# Found a cheap LED system?



## Aeten (Aug 4, 2012)

36" - 39" Aquarium LED Light Lunar Bright Fish Tank NEW | eBay

This thing seems to be perfect for what I'm looking for, but obviously because it's so cheap I am suspicious

1) Will this light do anything for plants?
2) Will it sit on top of my standard 36" aquarium hood nicely?
3) Will the lunar LEDs even be noticable?

If you have any more info about this or you have experience with this type of light, I could always use it before I buy something!!! :goldfish:


----------



## Unearthed (May 7, 2012)

http://www.plantedtank.net/forums/showthread.php?t=160396

I don't know, but this thread I have linked has some great LED info. Maybe it will help.


----------



## coralbandit (Jul 29, 2012)

I haven't used that light , but I purchased similar type led . It has 225 light in a 12"x12" by 3/4" thick box.About $25. I use them for night light. (like midnight). They are 1 watt or less each(led specs not same as other bulbs?) and not very affective.My"box" lights have 225 bulbs 50% white 50% blue , and for $25 Iwon't say they ripped me off , but not really an aquarium light by my standards. I personally don't care for the marineland bright /double bright /Reef leds they sell at pet stores(petco/petsmart) either. They really border on insufficent(totally).TRUE LUMEN PRO LEDS. Worth the price and I think on sale atDR F&S.


----------



## Hawk1018 (Apr 12, 2012)

LOL...I don't know if it would work but I was thinking of hanging this from my ceiling about a foot above the water and just removing my hood all together 

225 BLUE + WHITE LED AQUARIUM PLANT GROW LIGHT PANEL US | eBay


----------



## Hawk1018 (Apr 12, 2012)

is that the one you got coralbandit?....glad I didn't get it lol


----------



## Aeten (Aug 4, 2012)

Hawk1018 said:


> LOL...I don't know if it would work but I was thinking of hanging this from my ceiling about a foot above the water and just removing my hood all together
> 
> 225 BLUE + WHITE LED AQUARIUM PLANT GROW LIGHT PANEL US | eBay


Thats a neat idea and would probably save some serious cash vs. hood lights but are those lights bright enough to penetrate much water?


----------



## coralbandit (Jul 29, 2012)

that is it! You linkers make it easier (better). To quote the bandit" I don't feel ripped off" , They are just not the light that will do it all. I still use them (even though anytime anyone says led and I hear it I will say "TRUE LUMEN PRO".) I run them 24/7 on my 180 fw.They really are my midnight light. All my tanks receive 4 stages of light (nite , dawn ,day ,dusk).If your tank is Fresh Water ,try them out ,if salt ,that's not where I use them.


----------



## jrman83 (Jul 9, 2010)

I wouldn't like all the blue light. I also would want to know the kelvin rating. I know it says 450nm. FWIW, LEDs aren't exactly cheap if well made. I would be hesitant to rush off with the cheapest you can find. A few dollars more and you can get a decent T5HO light, depending on the size of your tank.


----------



## Aeten (Aug 4, 2012)

jrman83 said:


> I wouldn't like all the blue light. I also would want to know the kelvin rating. I know it says 450nm. FWIW, LEDs aren't exactly cheap if well made. I would be hesitant to rush off with the cheapest you can find. A few dollars more and you can get a decent T5HO light, depending on the size of your tank.

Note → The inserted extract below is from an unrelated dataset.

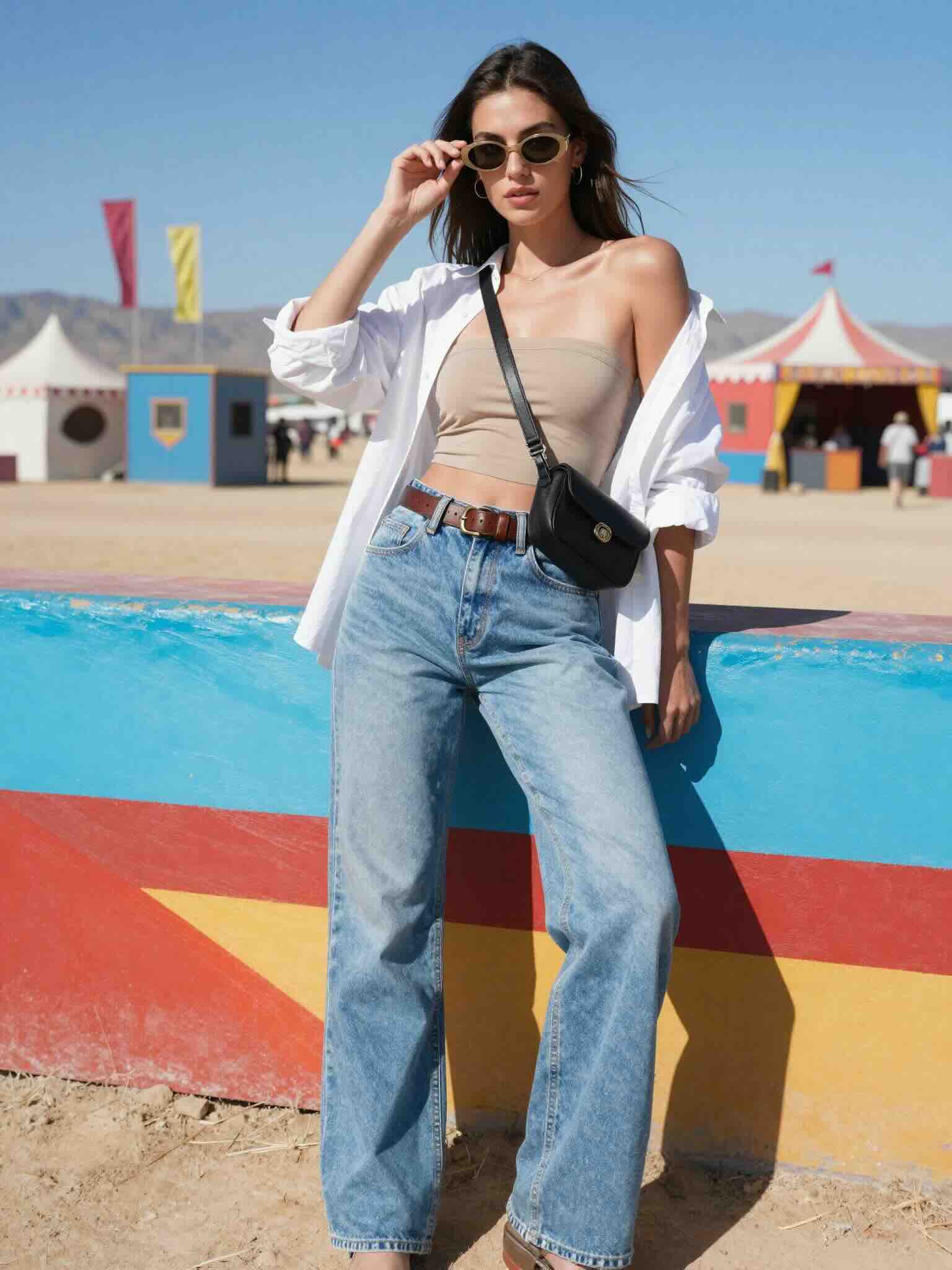 The denim-and-barely-there top combination<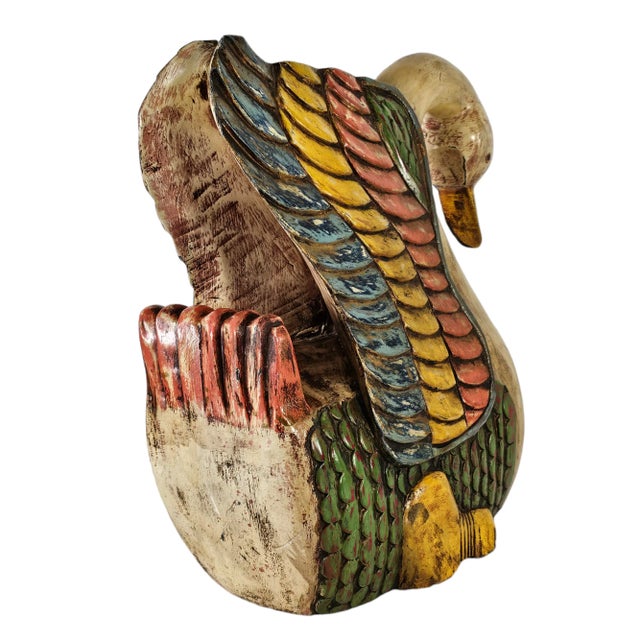 Late 20th-Century Mexican Hand-Carved Painted Wood Swan Sculpture, Folk Art 15" For Sale - Image 4 of 12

It's 36" 30 gallon fw tank. I looked at T5 lights but the nice ones seemed way out of my budget. According to specs, this LED system is on par with marineland doublebright system (they are probably lying, which is common with chinese ebay listers) but who knows? For $45 seems like I cant go wrong unless it doesnt work


----------



## beaslbob (May 29, 2009)

I don't know anything about leds but basically you have 120 6500k +9 actinic so just for ball park say 100 of .06W leds=6 watts. Also 600 lumens.

By contrast a 32w 6500k t-8 has (obviously)32w and ~2500 lumens.

Unless I missed something here that would result in a very dark tank.

my .02


----------



## WhiteGloveAquatics (Sep 3, 2009)

Mine's transformer blew on plug in and the seller said "oh well" also many cheaper canisters ive found for a "deal" have busted either on the initial set up or first cleaning.

Buyer beware thats all I gotta say, communicate with the buyer and really pay attention to their wording and use of words.


----------



## Marci99205 (Dec 13, 2011)

I have this light on my 29g, I grow anubias, java moss, java fern, crypt, amazon sword, and dwarf lilly. I say for the money it's a good light, it's not the best but for $46 it gets the job done. I plan I buying one more in the near future for my 20g long


----------



## jrman83 (Jul 9, 2010)

Marci99205 said:


> I have this light on my 29g, I grow anubias, java moss, java fern, crypt, amazon sword, and dwarf lilly. I say for the money it's a good light, it's not the best but for $46 it gets the job done. I plan I buying one more in the near future for my 20g long


That was my point. For about $15 more i have a T5HO setup that is on my 29g and 20g. I can grow anything I want with that light, from the lowest to the highest light requirement plant. All your plants you list are low light plants. To me it doesn't prove it can grow much more.


----------